Ainsi, la filière alimentaire française n’a pas d’autre alternative que de réduire ses coûts, en conservant ceux nécessaire pour segmenter.
Réduire la compléxité du marché
Notre pays est marqué par une extraordinaire densité de distributeurs, d’industriels, et d’agriculteurs qui se traduit notamment par une abondance de références produits. Cela multiplie à l’excès les flux, réduit les volumes unitaires et in fine la rentabilité. La question de la réduction des gammes se pose.

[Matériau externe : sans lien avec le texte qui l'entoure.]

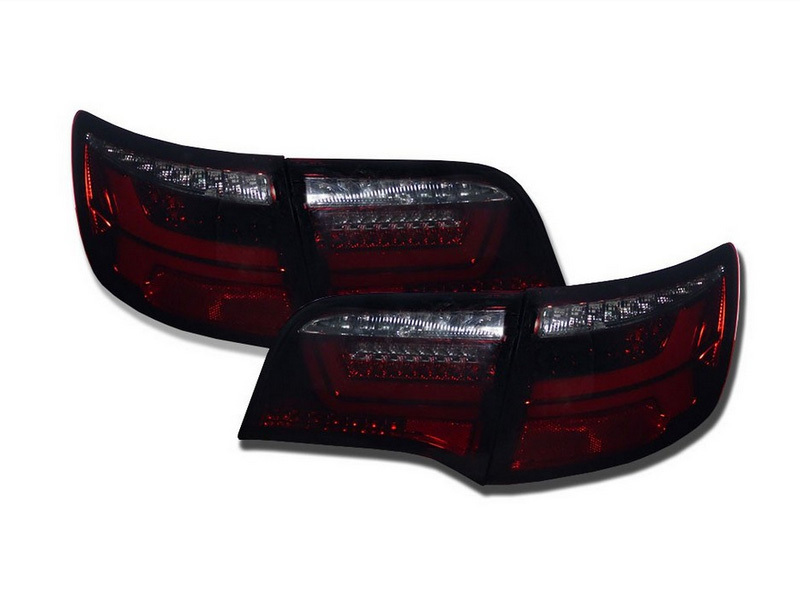 Luces traseras Audi A6 4F 04-11 Avant LED rojo/humo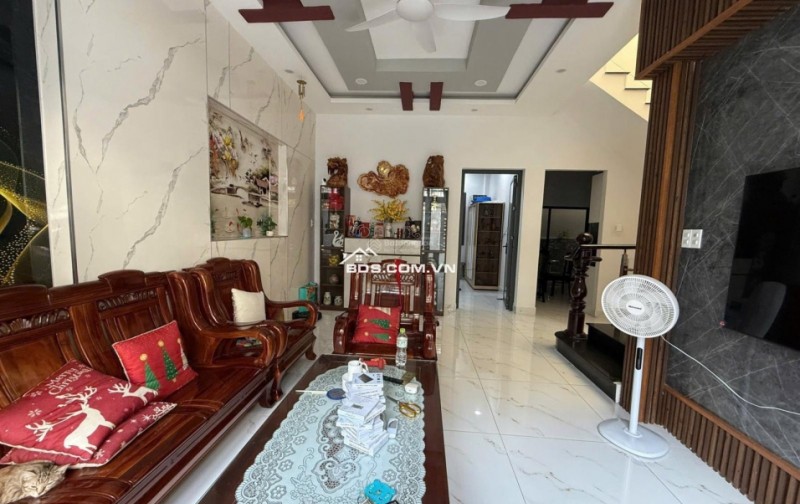 BÁN BIỆT THỰ MINI 2 TẦNG, GARA Ô TÔ – ĐƯỜNG SỐ 7, P.5, GÒ VẤP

Nos grands groupes internationaux mis-à-part, l’amont de la filière est principalement composé de PME dont la capacité à conquérir le marché, exporter, innover et développer une force de vente est moindre que celles des ETI. Il apparaît nécessaire d’enclencher un processus de consolidation des outils pour écraser les coûts fixes.
Le modèle Volkswagen
D’autres filières, sur des marchés très compétitifs, ont déjà connu pareille situation. Il y a plus de chaînes de télévision que par le passé, plus segmentées. Dans l’automobile, les gammes et les marques sont bien plus nombreuses aussi. Qu’ont fait ces industries ? Elles ont distingué les activités de back-office et de front-office, les premières pour les massifier, les secondes pour répondre aux attentes fines des clients. Que vous rouliez en Volkswagen, en Audi, en Skoda, en Seat, même en Porsche ou en Bentley, vous roulez toujours en Volkswagen. Le client l’ignore. Pourtant les voitures sortent souvent des mêmes usines. Cela est encore plus vrai pour les pièces détachées qui les composent.
Back et front-office
La politique produit, le prix, la marque, la relation client, la communication, tout ce que le client voit, relèvent du front office. Ces fonctions doivent être orientées client et sont les attributs de la marque. A l’inverse, toutes les fonctions d’amont, la production, la logistique, la R&D, l’achat, les fonctions support classiques, les SI… peuvent être massifiées, au service de l’efficience des marques. S’en suit une dissociation des fonctions de front et de back, ces dernières au service, dans une relation exigeante de client à fournisseur.
Mutualisation et plateformisation du back-office
En raisonnant à partir des marques (que le consommateur perçoit), il s’agit ni plus ni moins que de massifier entre marques les éléments du back-office, dans une logique de subsidiarité. Les marques peuvent appartenir à une même entreprise, être portées par une même holding, ou n’avoir aucun lien entre elles. La co-opération sur des briques amont de la chaîne de valeur permet de réduire les coûts. A minima, il s’agit de transformer un service interne en « fournisseur » interne et/ou externe. Au plus, de créer des joint-ventures. C’est un des intérêts supplémentaires de cette stratégie : transformer des centres de coûts en outils de développement de l’activité en prestant pour d’autres les compétences internes de l’entreprise. En effet, la plateformisation permet de développer une expertise qu’il est ensuite possible de revendre ailleurs, à d’autres acteurs, même à des concurrents. C’est notamment sur ce principe qu’Amazon s’est développée : l’entreprise a mis son expertise au service de ses concurrents directs, présents et en tire aujourd’hui l’essentiel de sa rentabilité.